Thursday, October 01, 2015

Oregon College Shooting: A Catholic Response

Today there was a serious tragedy which occurred at Umpqua Community College in Oregon, USA. There were at least 10 people killed and 20 additional people injured. This is according to Oregon State Police spokesman Bill Fugate. In this overwhelming tragedy, what is the Catholic response.

Many instinctively believe the best response is to enact a gun ban. However, we can see that criminals like this lunatic who killed these people do not follow these rules. The school where the massacre occurred is strictly anti-gun. This didn't stop the carnage.

What are we to do in such circumstances as Catholics? Many suggest we "turn the other cheek". But this will prove futile in such a hostile situation. You will simply end up dead. We have a moral obligation to protect not only ourselves, but others as well. To find out how to deal with such a situation, we turn to the Angelic Doctor from whom we derive so much Catholic thought: St. Thomas Aquinas.

In his Summa Theologica, Thomas Aquinas addresses the question of self-defense. He brings up objections from sources such as Augustine and others which seem to say that defending your life by killing another is sinful because we should instead let the other person kill us. But then the Doctor replies.

He first quotes the Bible:
On the contrary, It is written (Exodus 22:2): "If a thief be found breaking into a house or undermining it, and be wounded so as to die; he that slew him shall not be guilty of blood." Now it is much more lawful to defend one's life than one's house. Therefore neither is a man guilty of murder if he kill another in defense of his own life.
Aquinas continues to lay the groundwork for self defense by thoroughly dismantling the anti-self-defensers.
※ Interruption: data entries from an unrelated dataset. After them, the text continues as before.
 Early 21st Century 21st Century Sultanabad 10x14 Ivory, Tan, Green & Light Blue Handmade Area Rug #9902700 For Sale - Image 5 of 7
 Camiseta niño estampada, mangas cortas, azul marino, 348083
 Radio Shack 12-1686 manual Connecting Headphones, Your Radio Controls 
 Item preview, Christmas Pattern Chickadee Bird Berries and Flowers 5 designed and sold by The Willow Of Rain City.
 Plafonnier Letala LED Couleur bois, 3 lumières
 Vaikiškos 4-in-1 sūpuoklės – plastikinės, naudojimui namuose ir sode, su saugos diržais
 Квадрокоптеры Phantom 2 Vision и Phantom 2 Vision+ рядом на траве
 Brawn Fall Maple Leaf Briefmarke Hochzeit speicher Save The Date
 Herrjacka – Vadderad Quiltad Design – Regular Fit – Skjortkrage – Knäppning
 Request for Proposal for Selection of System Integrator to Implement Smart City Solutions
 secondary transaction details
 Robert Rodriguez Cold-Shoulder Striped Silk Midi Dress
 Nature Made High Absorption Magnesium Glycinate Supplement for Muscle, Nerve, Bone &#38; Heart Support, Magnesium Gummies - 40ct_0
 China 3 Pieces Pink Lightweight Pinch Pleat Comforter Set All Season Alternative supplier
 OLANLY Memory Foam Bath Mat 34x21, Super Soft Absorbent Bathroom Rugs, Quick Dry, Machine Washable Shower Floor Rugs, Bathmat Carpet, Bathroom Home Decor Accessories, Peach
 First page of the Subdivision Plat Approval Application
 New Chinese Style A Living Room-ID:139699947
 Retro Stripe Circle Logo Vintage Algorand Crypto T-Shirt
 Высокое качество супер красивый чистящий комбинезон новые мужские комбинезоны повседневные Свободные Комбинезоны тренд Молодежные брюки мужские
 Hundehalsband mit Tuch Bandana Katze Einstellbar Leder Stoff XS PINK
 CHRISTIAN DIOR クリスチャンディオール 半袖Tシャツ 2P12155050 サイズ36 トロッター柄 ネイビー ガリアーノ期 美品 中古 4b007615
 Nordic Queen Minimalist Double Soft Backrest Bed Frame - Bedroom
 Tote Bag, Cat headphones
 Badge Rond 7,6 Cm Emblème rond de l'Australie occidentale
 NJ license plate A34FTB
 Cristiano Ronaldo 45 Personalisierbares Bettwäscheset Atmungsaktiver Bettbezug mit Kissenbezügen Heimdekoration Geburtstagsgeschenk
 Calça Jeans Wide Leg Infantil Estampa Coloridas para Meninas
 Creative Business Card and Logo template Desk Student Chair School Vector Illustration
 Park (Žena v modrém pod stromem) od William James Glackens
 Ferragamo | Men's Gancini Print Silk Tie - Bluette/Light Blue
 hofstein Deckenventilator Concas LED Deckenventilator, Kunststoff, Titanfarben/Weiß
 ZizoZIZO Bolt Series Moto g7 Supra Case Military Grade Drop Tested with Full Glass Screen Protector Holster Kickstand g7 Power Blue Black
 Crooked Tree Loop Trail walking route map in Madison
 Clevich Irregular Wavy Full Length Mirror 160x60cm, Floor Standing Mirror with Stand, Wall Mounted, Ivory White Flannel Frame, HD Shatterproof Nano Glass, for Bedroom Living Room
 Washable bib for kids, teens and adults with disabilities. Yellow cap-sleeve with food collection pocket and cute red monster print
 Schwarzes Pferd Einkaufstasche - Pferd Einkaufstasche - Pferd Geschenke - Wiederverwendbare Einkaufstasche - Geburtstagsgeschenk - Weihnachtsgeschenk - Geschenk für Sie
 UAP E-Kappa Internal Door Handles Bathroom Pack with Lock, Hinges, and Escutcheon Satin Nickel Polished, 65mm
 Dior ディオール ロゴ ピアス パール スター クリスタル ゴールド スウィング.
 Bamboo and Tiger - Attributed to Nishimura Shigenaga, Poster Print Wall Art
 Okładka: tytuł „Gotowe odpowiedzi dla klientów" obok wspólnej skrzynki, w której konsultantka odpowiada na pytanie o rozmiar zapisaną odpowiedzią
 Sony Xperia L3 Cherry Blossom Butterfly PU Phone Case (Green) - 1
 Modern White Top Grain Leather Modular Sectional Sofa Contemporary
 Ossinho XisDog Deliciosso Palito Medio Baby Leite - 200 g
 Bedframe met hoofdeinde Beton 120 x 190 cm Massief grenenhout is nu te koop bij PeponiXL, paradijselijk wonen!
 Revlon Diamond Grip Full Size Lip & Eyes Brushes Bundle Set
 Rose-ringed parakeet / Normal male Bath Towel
He explains his reasoning by explaining the law of double-effect. Basically this law says that what is important is the intention of what a person is seeking to accomplish. This is to be distinguished from the side-effects. Under certain rules, an act is permissible, even if the unintended side effect would normally be immoral. It's much more complicated than I just stated, but that's the essence of it.
Accordingly the act of self-defense may have two effects, one is the saving of one's life, the other is the slaying of the aggressor. Therefore this act, since one's intention is to save one's own life, is not unlawful, seeing that it is natural to everything to keep itself in "being," as far as possible. And yet, though proceeding from a good intention, an act may be rendered unlawful, if it be out of proportion to the end.
Bottom line here is that we have a duty to protect our own bodies, especially against an aggressor, however we must not go overboard. If killing the aggressor is unnecessary then we shouldn't do it.

The same principle applies to protecting our loved ones.

I think when it comes to guns (something not yet invented in the time of Aquinas), he would say it would be permissible to carry a gun for the purpose of self defense or the protection of innocents. In more modern day terms: the only thing that can stop a bad guy with a gun is a good guy with a gun.

Let us pray for the souls of those killed in this tragedy, and for the recovery of those not killed, and for everyone involved in general.

1 comment:

  1. "Many instinctively believe the best response is to enact a gun ban. However, we can see that criminals like this lunatic who killed these people do not follow these rules."


    Word for word what many proponents of legal abortion say. Why would women wanting to kill their child follow rules?